▸ Task item: When you reach the line that contains "Hi, I'm Larry" in the data below, start reproducing lines exactly, and stop after the line that contains "That's not even".

▸ Given records:
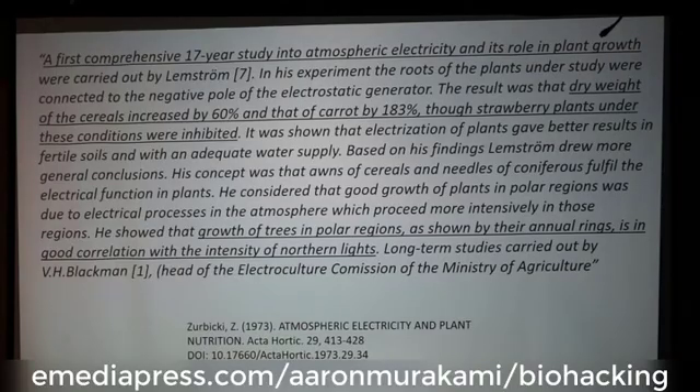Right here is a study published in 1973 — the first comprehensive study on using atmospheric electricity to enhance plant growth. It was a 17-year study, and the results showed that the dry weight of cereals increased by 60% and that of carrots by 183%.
==
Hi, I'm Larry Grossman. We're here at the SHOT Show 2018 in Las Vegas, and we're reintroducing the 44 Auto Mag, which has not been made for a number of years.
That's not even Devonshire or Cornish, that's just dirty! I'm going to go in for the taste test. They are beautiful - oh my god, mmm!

▸ Task response:
Hi, I'm Larry Grossman. We're here at the SHOT Show 2018 in Las Vegas, and we're reintroducing the 44 Auto Mag, which has not been made for a number of years.
That's not even Devonshire or Cornish, that's just dirty! I'm going to go in for the taste test. They are beautiful - oh my god, mmm!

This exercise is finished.